I am, however, anti-extremes.
It seems to me that we now live in a world where everyone has to pick sides, and increasingly the sides are so far to one extreme. Either you breastfeed or you’ve sentenced your child to a lifetime of sickness and failure; either you believe in the second amendment and the right to bear arms or you’re a traitor. And forget about politics and religion, gay marriage and every other media lightning rod. These days, either you’re rich or you’re poor. The days of having a great life in the middle class do not seem to exist anymore. We’ve become a world of Donald Trumps, Sarah Palins and Kim Kardashians. What happened to the middle?
And that’s what I don’t understand. We’re so focused on the “best” being the best and the “worst” being the worst that we ignore the middle. The middle is where all the good stuff happens. And the middle isn’t the dreaded “average”, it’s just the middle. Ever eat an Oreo? The most important baseball players play up the middle, the quarterback stands in the middle, the Beatles best albums are in the middle, a great marriage lives in the middle.
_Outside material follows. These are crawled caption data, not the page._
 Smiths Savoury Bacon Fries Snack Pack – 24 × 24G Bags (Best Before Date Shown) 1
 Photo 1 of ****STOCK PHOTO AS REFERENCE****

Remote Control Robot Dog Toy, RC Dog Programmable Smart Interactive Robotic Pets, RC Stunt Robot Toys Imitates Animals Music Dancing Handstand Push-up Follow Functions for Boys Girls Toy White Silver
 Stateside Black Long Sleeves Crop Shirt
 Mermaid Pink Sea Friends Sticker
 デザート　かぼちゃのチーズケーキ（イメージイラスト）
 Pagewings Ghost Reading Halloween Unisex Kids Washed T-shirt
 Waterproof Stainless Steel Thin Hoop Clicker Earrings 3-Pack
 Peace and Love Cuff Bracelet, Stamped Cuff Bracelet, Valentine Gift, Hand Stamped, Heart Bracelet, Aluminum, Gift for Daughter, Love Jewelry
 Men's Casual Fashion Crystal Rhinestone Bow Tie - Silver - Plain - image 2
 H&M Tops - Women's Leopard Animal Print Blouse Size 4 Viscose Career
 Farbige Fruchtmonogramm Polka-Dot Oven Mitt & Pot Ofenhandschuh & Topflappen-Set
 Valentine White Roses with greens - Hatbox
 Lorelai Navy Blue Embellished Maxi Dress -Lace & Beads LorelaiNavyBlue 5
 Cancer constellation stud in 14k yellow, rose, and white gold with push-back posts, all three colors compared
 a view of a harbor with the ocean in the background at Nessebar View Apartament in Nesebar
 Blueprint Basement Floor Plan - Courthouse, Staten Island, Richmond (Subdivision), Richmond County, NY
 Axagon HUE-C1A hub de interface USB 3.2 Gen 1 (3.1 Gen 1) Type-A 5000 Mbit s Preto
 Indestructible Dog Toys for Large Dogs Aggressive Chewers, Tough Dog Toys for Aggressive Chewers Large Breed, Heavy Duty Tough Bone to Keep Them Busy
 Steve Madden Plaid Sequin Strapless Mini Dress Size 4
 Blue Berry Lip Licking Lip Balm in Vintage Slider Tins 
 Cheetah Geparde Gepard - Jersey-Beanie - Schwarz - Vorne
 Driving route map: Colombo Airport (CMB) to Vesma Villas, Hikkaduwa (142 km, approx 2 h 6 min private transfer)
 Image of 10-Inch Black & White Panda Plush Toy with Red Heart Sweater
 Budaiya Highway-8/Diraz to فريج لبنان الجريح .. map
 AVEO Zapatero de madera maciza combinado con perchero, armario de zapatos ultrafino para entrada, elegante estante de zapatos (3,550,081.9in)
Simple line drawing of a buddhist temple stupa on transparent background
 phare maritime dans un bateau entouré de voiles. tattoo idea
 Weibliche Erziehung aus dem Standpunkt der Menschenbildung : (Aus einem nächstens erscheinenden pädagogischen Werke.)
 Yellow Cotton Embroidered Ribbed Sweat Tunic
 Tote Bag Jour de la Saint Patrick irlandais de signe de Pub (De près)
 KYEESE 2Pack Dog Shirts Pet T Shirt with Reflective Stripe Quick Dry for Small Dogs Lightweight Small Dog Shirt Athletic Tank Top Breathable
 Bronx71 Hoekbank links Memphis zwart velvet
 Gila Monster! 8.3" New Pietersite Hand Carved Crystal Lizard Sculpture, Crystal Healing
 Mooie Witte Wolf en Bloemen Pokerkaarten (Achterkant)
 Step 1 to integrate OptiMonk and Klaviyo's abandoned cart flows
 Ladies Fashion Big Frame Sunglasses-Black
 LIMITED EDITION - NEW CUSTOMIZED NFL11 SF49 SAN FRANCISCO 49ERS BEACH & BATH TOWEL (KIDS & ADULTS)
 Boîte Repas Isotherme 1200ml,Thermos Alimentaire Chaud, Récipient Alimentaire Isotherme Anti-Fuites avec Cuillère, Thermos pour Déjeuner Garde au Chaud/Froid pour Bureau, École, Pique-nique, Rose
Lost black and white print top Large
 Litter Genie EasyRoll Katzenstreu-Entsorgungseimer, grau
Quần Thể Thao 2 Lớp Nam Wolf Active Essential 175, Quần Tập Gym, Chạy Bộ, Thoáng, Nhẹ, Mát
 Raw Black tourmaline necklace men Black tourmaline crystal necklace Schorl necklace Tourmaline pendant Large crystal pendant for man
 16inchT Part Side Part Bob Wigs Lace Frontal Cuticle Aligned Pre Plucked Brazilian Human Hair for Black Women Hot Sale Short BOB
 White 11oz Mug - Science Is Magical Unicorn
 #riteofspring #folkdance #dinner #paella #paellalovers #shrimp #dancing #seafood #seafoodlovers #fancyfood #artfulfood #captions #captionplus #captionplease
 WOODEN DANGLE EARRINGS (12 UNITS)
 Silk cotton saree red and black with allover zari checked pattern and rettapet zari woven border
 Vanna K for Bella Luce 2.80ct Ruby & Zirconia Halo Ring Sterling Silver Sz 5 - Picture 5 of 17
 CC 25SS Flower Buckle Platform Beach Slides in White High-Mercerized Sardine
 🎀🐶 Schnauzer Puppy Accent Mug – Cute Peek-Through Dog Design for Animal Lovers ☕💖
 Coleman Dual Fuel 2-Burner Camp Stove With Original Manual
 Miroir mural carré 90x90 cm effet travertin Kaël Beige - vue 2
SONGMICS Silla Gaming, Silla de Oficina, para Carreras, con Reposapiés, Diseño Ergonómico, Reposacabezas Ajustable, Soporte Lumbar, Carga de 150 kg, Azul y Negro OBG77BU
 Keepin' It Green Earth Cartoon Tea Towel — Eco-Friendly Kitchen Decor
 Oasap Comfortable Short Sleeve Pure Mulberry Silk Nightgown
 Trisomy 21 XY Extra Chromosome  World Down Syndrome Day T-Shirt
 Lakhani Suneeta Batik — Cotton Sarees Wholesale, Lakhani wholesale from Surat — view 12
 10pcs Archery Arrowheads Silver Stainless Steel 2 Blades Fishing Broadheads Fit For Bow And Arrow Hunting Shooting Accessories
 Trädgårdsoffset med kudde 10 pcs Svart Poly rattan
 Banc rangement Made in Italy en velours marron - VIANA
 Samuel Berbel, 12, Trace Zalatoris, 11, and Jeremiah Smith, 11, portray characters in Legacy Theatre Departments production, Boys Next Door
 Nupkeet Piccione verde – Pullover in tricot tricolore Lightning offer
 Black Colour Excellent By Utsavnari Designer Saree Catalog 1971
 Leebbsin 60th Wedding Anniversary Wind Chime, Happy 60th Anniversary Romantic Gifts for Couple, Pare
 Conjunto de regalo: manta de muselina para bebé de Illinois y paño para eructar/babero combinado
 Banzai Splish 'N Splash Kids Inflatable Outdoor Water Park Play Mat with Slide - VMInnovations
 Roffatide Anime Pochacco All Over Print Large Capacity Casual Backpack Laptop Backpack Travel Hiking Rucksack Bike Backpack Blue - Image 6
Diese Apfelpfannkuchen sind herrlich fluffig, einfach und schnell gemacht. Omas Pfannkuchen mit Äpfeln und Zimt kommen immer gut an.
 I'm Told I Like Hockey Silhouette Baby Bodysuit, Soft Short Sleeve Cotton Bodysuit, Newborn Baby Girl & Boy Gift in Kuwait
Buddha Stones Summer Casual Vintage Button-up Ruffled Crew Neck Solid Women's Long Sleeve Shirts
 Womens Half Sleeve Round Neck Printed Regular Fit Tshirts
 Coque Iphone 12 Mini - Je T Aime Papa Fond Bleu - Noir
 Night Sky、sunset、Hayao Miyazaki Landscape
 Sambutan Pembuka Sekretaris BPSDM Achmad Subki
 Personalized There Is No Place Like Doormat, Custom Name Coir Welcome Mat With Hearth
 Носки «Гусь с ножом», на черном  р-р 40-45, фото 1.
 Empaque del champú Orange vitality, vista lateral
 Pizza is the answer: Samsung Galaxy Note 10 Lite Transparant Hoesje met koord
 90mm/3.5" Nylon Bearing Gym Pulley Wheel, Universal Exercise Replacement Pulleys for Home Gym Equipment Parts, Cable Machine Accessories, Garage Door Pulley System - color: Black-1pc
All too often today it’s Stanford or bust, or kids playing one sport until they hate it vs. just having fun…in the middle. Even drinking is great in the middle – too few and your slobbering friends are annoying, too many and you’re puking into a toilet. But in the middle, you’re the life of the party (at least in your head).
So when it comes to these mass shootings, I’m baffled by the fact that they keep happening. How could nothing happen after Newtown, arguably the most gruesome and tragic of them all? Because the fight happens at the extreme and no one moves. How about we start by just trying a few things on both ends. If we agree that innocent people getting killed for no reason is bad (please tell me we agree on that) then why not just try a few things – maybe even just beta test them and be open to getting rid of the changes if they truly don’t work. I can live with that.
Let’s make it harder to walk into a movie theater and kill people. The argument that we can never stop it completely so why try at all doesn’t work for me. But let’s at least make the bad guys (94% of the time they’re men) work a little harder. Maybe too many hoops will discourage them; maybe they will slip up and get caught prior to a massacre. Close the loopholes and create a real national database that works all the time. Try something. Listen to Amy Schumer. Almost anything will be better than seeing one of these occur every day.
Here’s where I would start – right in the middle – no guns allowed for anyone who has ever had a protective order issued against them, convicted of any level of domestic abuse or felony alcohol-related crime like DUI. They already don’t value human life so why give them a better tool to do their damage.
And where did Alex learn to shoot his finger like a gun? From his friends at school.